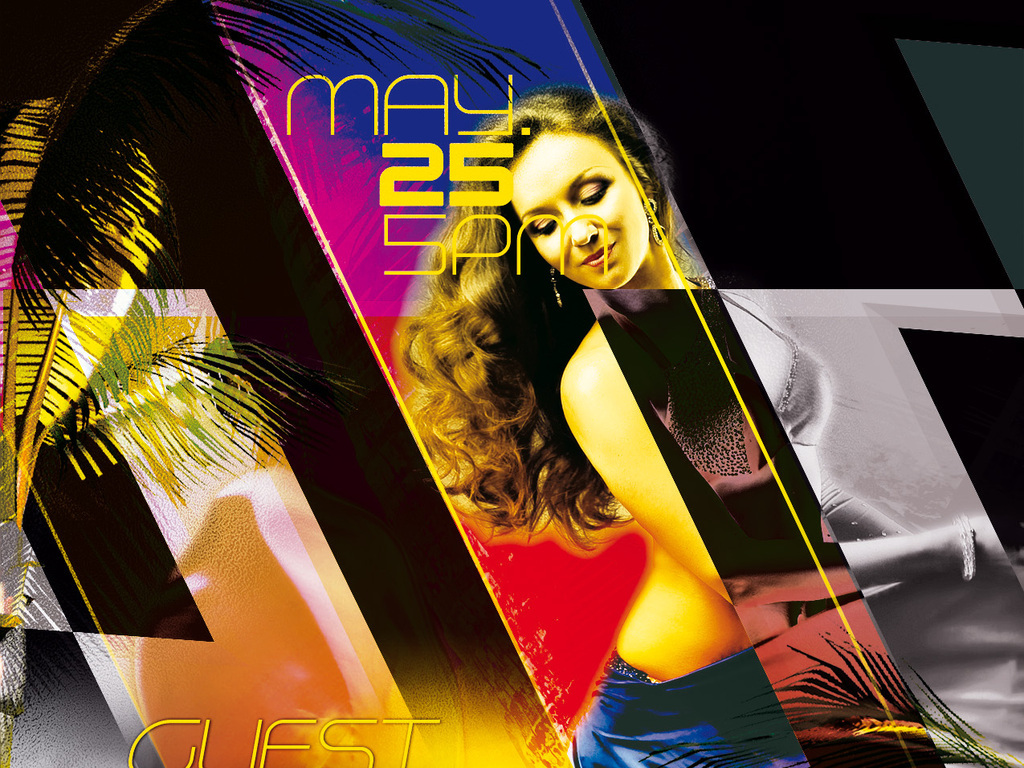 炫彩时尚活力夏日舞蹈大赛创意宣传海报模板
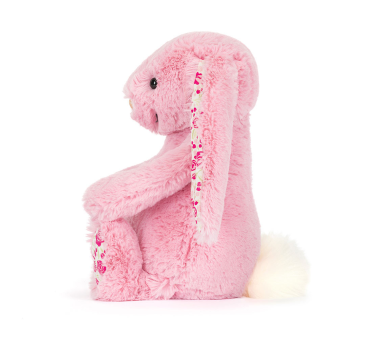 Blushkin - Różowy Króliczek Luxe - Różany Królik 31 cm z Kwiecistymi Uszami - Maskotka Przytulanka - JellyCat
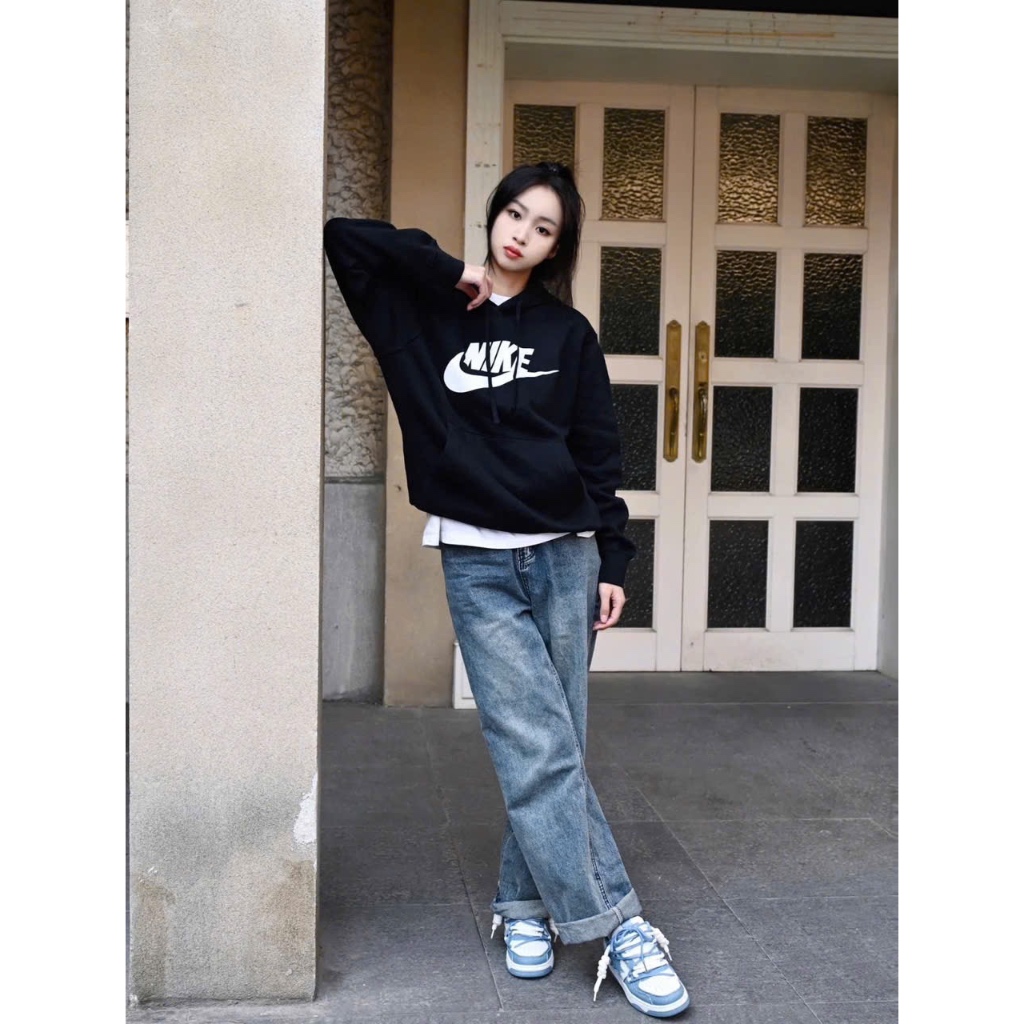 [ CHÍNH HÃNG ] ÁO HOODIE NIKE SWOOSH LOGO BASIC MÀU ĐEN UNISEX NAM NỮ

§ Problem details
The listing above must be repeated exactly, apart from the pictures.

§ Answer
 炫彩时尚活力夏日舞蹈大赛创意宣传海报模板
 Blushkin - Różowy Króliczek Luxe - Różany Królik 31 cm z Kwiecistymi Uszami - Maskotka Przytulanka - JellyCat
 [ CHÍNH HÃNG ] ÁO HOODIE NIKE SWOOSH LOGO BASIC MÀU ĐEN UNISEX NAM NỮ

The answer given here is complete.